● REQUIRED WORK: Your output should be the listing itself, repeated exactly.

== == ==

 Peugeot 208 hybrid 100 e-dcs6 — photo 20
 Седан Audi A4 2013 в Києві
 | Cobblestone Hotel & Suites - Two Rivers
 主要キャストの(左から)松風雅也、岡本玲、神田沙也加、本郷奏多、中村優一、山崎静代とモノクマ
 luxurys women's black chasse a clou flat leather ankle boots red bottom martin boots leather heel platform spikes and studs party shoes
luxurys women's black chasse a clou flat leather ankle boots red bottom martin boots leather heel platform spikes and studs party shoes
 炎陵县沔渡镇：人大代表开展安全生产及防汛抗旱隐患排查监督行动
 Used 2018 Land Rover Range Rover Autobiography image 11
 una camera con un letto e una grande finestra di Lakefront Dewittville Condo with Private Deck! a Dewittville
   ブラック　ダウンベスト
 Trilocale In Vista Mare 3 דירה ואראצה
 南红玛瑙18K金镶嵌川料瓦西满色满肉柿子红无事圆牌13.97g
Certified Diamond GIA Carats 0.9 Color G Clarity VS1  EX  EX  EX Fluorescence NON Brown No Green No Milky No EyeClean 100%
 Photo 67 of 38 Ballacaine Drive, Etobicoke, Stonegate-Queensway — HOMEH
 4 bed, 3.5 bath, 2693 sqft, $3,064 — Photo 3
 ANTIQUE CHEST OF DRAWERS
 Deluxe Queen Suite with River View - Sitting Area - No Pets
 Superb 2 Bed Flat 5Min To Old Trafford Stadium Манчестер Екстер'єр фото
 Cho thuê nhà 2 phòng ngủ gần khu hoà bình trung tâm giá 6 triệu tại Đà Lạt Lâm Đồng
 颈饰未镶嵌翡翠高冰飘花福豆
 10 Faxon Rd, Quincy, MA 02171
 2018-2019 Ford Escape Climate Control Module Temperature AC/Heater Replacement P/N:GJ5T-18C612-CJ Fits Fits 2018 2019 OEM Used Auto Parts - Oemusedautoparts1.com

== == ==

● RESPONSE TO THIS TASK:
 Peugeot 208 hybrid 100 e-dcs6 — photo 20
 Седан Audi A4 2013 в Києві
 | Cobblestone Hotel & Suites - Two Rivers
 主要キャストの(左から)松風雅也、岡本玲、神田沙也加、本郷奏多、中村優一、山崎静代とモノクマ
 luxurys women's black chasse a clou flat leather ankle boots red bottom martin boots leather heel platform spikes and studs party shoes
luxurys women's black chasse a clou flat leather ankle boots red bottom martin boots leather heel platform spikes and studs party shoes
 炎陵县沔渡镇：人大代表开展安全生产及防汛抗旱隐患排查监督行动
 Used 2018 Land Rover Range Rover Autobiography image 11
 una camera con un letto e una grande finestra di Lakefront Dewittville Condo with Private Deck! a Dewittville
   ブラック　ダウンベスト
 Trilocale In Vista Mare 3 דירה ואראצה
 南红玛瑙18K金镶嵌川料瓦西满色满肉柿子红无事圆牌13.97g
Certified Diamond GIA Carats 0.9 Color G Clarity VS1  EX  EX  EX Fluorescence NON Brown No Green No Milky No EyeClean 100%
 Photo 67 of 38 Ballacaine Drive, Etobicoke, Stonegate-Queensway — HOMEH
 4 bed, 3.5 bath, 2693 sqft, $3,064 — Photo 3
 ANTIQUE CHEST OF DRAWERS
 Deluxe Queen Suite with River View - Sitting Area - No Pets
 Superb 2 Bed Flat 5Min To Old Trafford Stadium Манчестер Екстер'єр фото
 Cho thuê nhà 2 phòng ngủ gần khu hoà bình trung tâm giá 6 triệu tại Đà Lạt Lâm Đồng
 颈饰未镶嵌翡翠高冰飘花福豆
 10 Faxon Rd, Quincy, MA 02171
 2018-2019 Ford Escape Climate Control Module Temperature AC/Heater Replacement P/N:GJ5T-18C612-CJ Fits Fits 2018 2019 OEM Used Auto Parts - Oemusedautoparts1.com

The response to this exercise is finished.